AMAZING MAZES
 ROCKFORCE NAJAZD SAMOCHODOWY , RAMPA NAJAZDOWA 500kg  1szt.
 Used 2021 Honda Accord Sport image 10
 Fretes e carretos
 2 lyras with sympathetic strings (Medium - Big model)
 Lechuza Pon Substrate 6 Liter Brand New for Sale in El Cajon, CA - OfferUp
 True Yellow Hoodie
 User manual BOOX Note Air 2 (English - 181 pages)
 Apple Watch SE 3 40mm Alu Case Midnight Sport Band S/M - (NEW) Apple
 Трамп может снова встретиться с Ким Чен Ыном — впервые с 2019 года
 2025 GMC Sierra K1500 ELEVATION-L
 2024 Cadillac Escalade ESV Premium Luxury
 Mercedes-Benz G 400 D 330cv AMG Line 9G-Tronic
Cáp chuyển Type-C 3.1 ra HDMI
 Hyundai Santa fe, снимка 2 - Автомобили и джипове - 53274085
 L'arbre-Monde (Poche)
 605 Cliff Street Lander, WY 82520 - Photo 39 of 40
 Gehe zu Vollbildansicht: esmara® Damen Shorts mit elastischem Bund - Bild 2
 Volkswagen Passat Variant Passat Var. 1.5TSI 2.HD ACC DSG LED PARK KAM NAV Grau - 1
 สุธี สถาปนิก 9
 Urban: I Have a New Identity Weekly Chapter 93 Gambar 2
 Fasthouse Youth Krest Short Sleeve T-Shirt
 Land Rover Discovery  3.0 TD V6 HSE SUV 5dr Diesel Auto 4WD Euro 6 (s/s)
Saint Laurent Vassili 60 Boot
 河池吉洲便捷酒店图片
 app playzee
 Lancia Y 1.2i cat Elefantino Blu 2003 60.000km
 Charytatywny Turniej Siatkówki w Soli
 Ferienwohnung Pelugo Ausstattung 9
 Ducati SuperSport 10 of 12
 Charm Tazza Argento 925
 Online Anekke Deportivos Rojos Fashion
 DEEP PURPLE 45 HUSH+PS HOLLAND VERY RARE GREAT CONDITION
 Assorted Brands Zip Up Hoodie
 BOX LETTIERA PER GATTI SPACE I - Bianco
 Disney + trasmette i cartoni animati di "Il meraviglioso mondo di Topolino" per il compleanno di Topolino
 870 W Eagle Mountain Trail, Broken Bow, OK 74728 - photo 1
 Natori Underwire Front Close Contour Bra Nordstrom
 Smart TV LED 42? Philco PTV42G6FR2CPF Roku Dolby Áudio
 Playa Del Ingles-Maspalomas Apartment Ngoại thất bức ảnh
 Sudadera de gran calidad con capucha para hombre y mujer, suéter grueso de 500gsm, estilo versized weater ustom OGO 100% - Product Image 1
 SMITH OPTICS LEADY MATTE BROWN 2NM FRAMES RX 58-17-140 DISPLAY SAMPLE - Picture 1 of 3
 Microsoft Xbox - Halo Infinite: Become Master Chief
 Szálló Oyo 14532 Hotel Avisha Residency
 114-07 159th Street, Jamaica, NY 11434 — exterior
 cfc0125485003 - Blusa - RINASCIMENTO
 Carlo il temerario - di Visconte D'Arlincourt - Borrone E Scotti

# [Work to complete]
All lines from the one that holds "Sudadera de gran" to the end of the entries above must be transcribed exactly, both ends included, and no others.

# [Completed exercise]
 Sudadera de gran calidad con capucha para hombre y mujer, suéter grueso de 500gsm, estilo versized weater ustom OGO 100% - Product Image 1
 SMITH OPTICS LEADY MATTE BROWN 2NM FRAMES RX 58-17-140 DISPLAY SAMPLE - Picture 1 of 3
 Microsoft Xbox - Halo Infinite: Become Master Chief
 Szálló Oyo 14532 Hotel Avisha Residency
 114-07 159th Street, Jamaica, NY 11434 — exterior
 cfc0125485003 - Blusa - RINASCIMENTO
 Carlo il temerario - di Visconte D'Arlincourt - Borrone E Scotti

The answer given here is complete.